[Hendrik van Oyenbrugge]
OYENBRUGGE (Hendrik van), een brabantsch edelman uit hetzelfde geslacht, volgde waarschijnlijk Pieter van Sickingha (1579) als grietman van Barradeel op, gelijk hij hem opgevolgd was als Drossaard van Harlingen, zeer tegen den wil der staten, die hem even als Rennenberg mistrouwden. Ook wordt hij beschuldigd een van de voornaamste aanraders van diens verraad te zijn geweest. In October 1580 werd hij door Rennenberg, nu reeds geheel aan de Spaansche zijde, met eenig krijgsvolk naar de Zevenwouden gezonden, waar een aantal Friezen, onder bevel van Juw van Botnia en Johan van Vervon verzameld waren, om de brandschattingen en strooperijen van den vijand te beletten. Onverwacht zijne vijanden aanvallende, had hij het geluk hen te verjagen en de overwinning te behalen, bij welke gelegenheid Johan van Vervouw en George, zijn jongste broeder, sneuvelden, en een ander broeder van hen, Frederik, die vaandeldrager was, ter nauwernood zich door de vlucht redde. In een schermutseling den 1 Maart van het volgende jaar en bij Zoppersum in het been geschoten, werd hij gekwest naar Groningen gevoerd en is kort daarna aan zijne wonde overleden, weinig beklaagd, zelfs bij zijne partij.

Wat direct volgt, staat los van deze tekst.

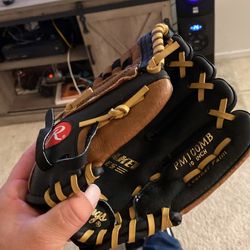 10 Inch Baseball Glove. like New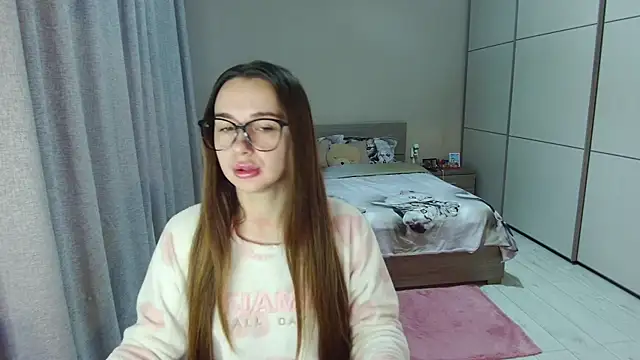 singletrouble online show from 12/21/25, 06:59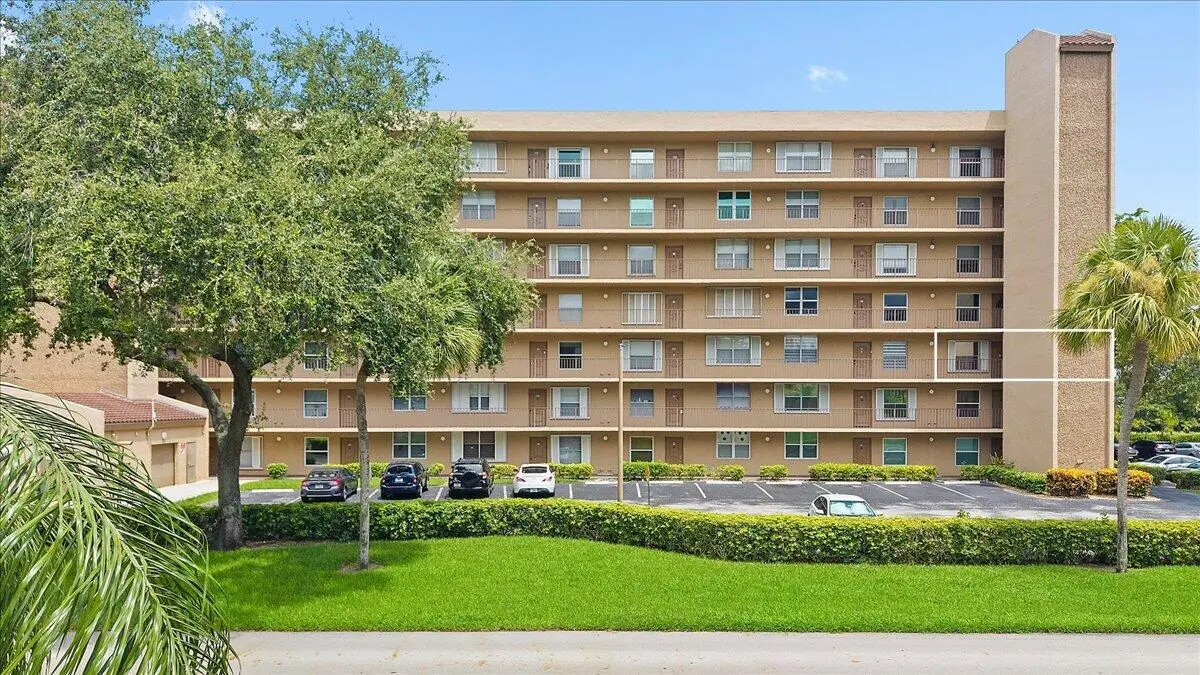01-DJI_20260825142414_0741.1_D at 4570 NW 18TH Avenue 310, Deerfield Beach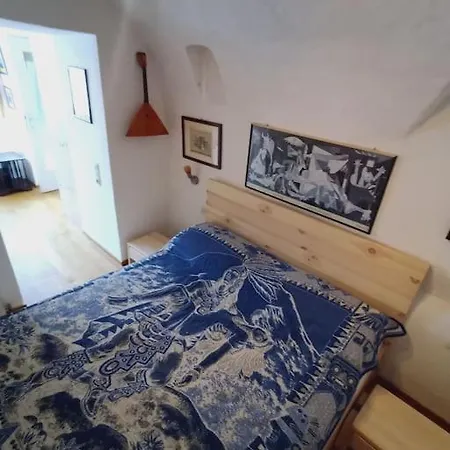 Finestra Sullo Jof Apartment *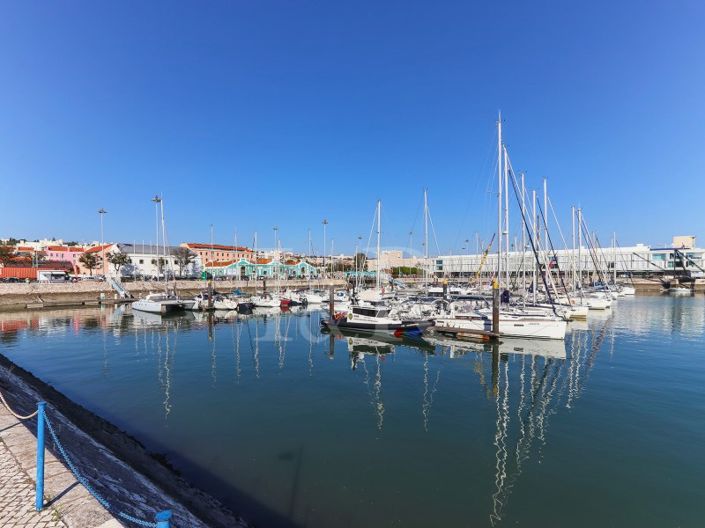 Image No.46-3 Bed Apartment for sale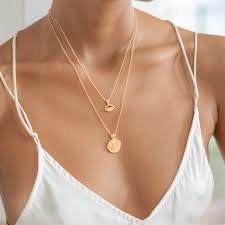 woman necklace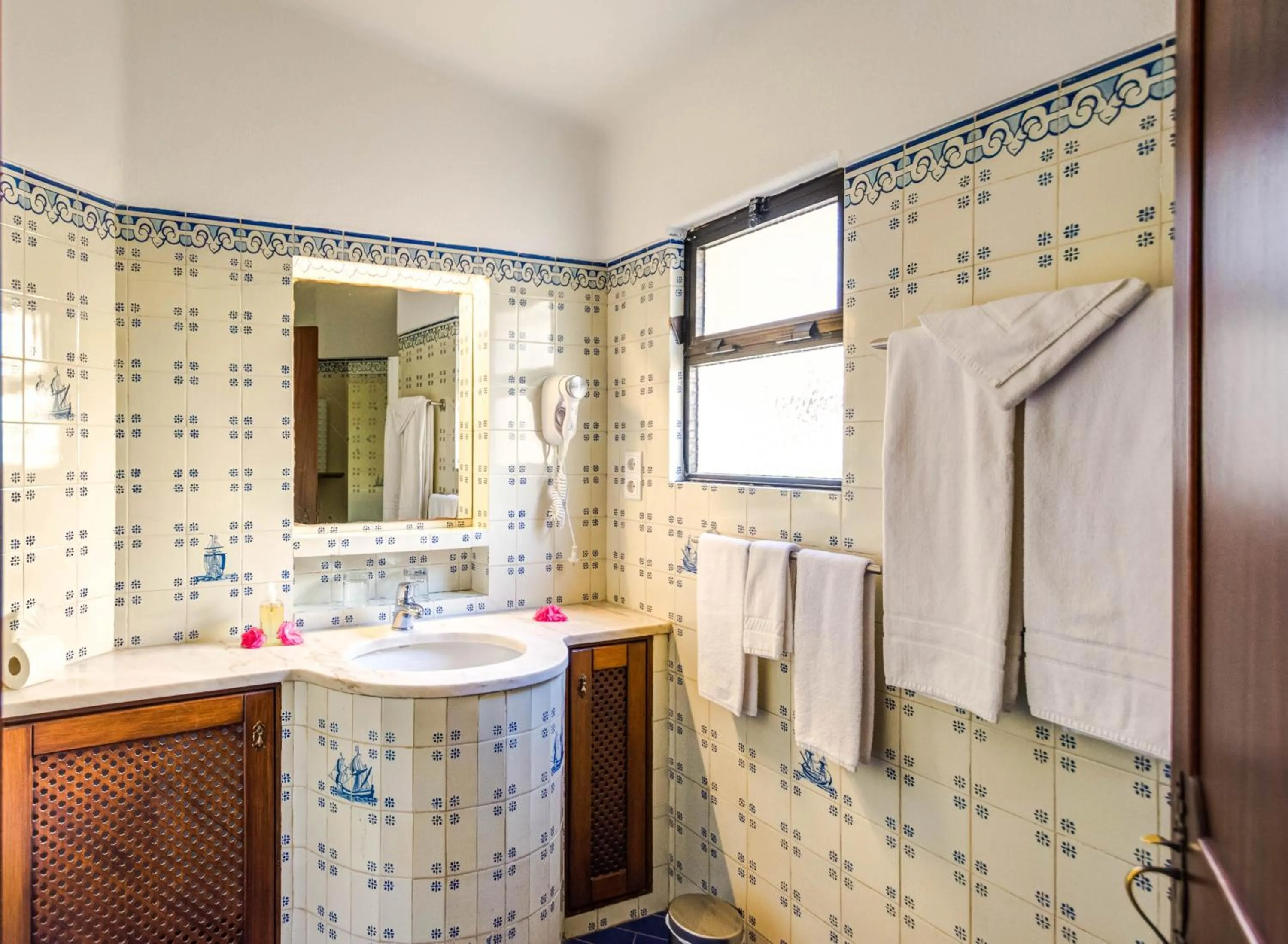 Shower in Algar Seco Parque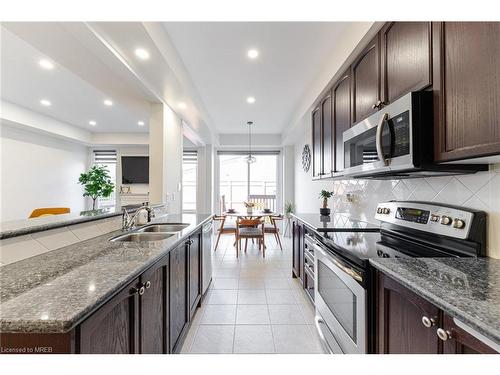 4174 Rawlins Common, Burlington, ON - Indoor Photo Showing Kitchen With Stainless Steel Kitchen With Double Sink With Upgraded Kitchen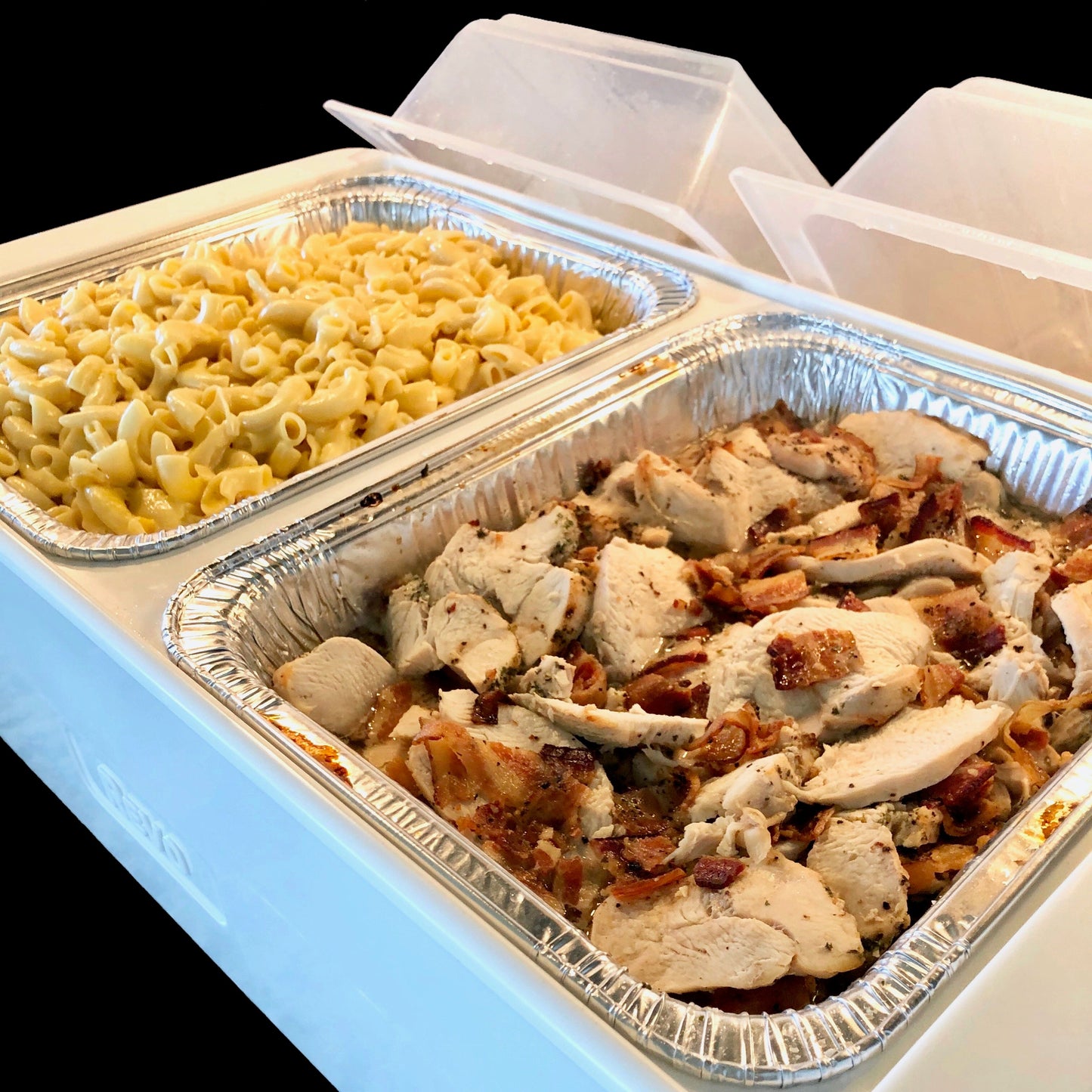 The Dubler HEAT is unique innovation as a flameless chafer and cooler combination that fits two 1/2 size food pans and up to 4” depth. The premium insulation, along with the heat packs and placing hot food trays straight from oven, provide a slow drop in temperature over time. Enjoy hot to eventually warm food for hours while the outside remains safe to touch for easy mobility.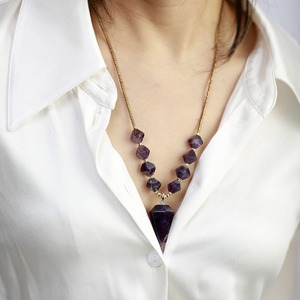 Collier en perles de rocaille avec pendentif flèche en quartz rose, bijoux de mode pour femme, cadeau, alliage de zinc, breloque cœur couleur Vénus, origine Yiwu - Product Image 2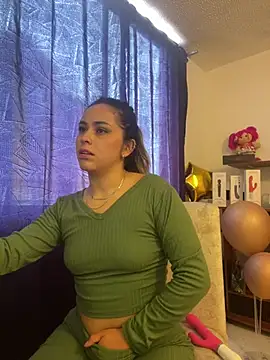 pamelao online show from March 11, 2025, 3:12 pm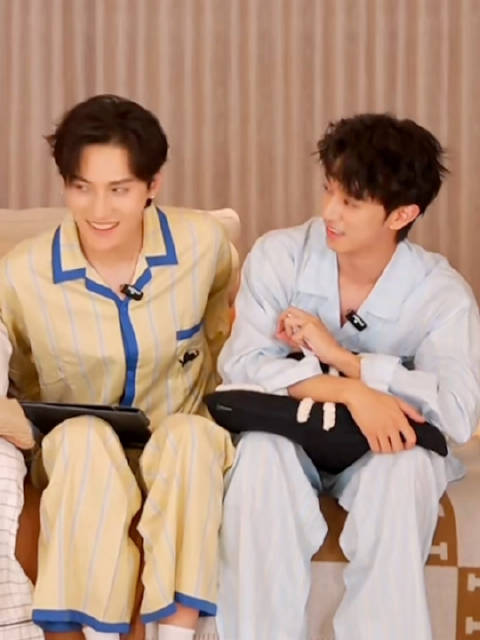 来看李沛恩叠纸、重要发言讲三遍、数数～ 看完脑子都跟着休息了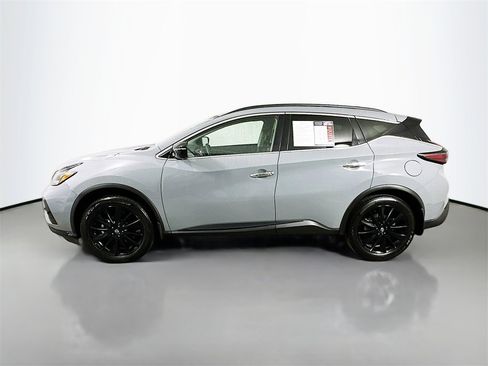 Used 2024 Nissan Murano SV w/ SV Midnight Edition Package image 5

Zie Winsemius, Chron. bl. 650; Schotanus, Hist. v. Friesl. bl. 877; te Water, Verb. der Edelen, D. III bl. 201; Fresinga, Memor. d. Nederl. Geschied. (in Dumbar's, Anal. T. III) bl. 22, 46, 195, 495; Bondam, Onuitg. stuk. D. V, bl. 341; v.d. Heyden, Verh. v.d. Verrigt. der Jesuit. in Friesl. bl. 223, 224; van Sminia, Naamen der Grietm. bl. 212, 213.